A company that creates genetically-modified mosquitoes will open a new factory in Brazil as it expands operations:
Small-scale studies in parts of Brazil, Panama and the Cayman Islands suggest engineered sterile mosquitoes can reduce wild insect populations by more than 90% when released into the wild. Intrexon said the facility in Piraciciba, São Paulo, will be able to protect 300,000 people.
Aedes aegypti mosquitoes carry three viruses - Dengue, Zika and Chikungunya.
The studies were carried out by the only company currently trialling GM insects, Oxitec, based in Abingdon, Oxfordshire. Oxitec, which was spun out from the University of Oxford, was bought by US company Intrexon for $160m (£106m) in August last year. Oxitec CEO Hadyn Parry said: "As the principal source for the fastest growing vector-borne infection in the world in Dengue fever, as well as the increasingly challenging Zika virus, controlling the Aedes aegypti population provides the best defence against these serious diseases for which there are no cures."
Also at The Guardian.
(Score: 2) by hendrikboom on Wednesday January 20 2016, @05:56PM
Years ago I learned of the sterile-mosquito technology as a way to limit mosquito populations. But back then they irradiated the mosquitos. This is something I can imagine doing cost-effectively in a factory. But genetically modifying them? One by one because they can't reproduce? That seems like excessive effort.
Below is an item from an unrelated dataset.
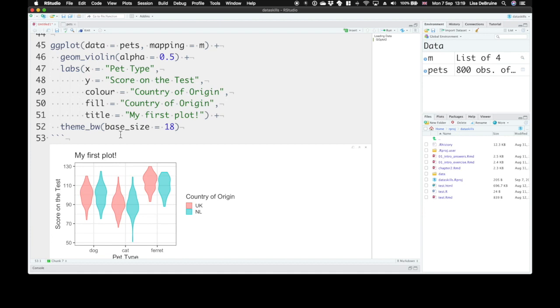In the rest of this lesson, we're going to learn how to make a number of different basic plot types and learn a few more of the add-ons that we can use to customize your plot to exactly how you like it.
(Score: 0) by Anonymous Coward on Wednesday January 20 2016, @07:23PM
There are multiple options you can use to get around this: you can breed a recessive trait and produce offspring that are homozygous, you can use an inducible/repressor system where the gene is only functional at a certain temperature or in the presence/absence of some small molecule, or the removal of an entire gene is induced by some stimuli.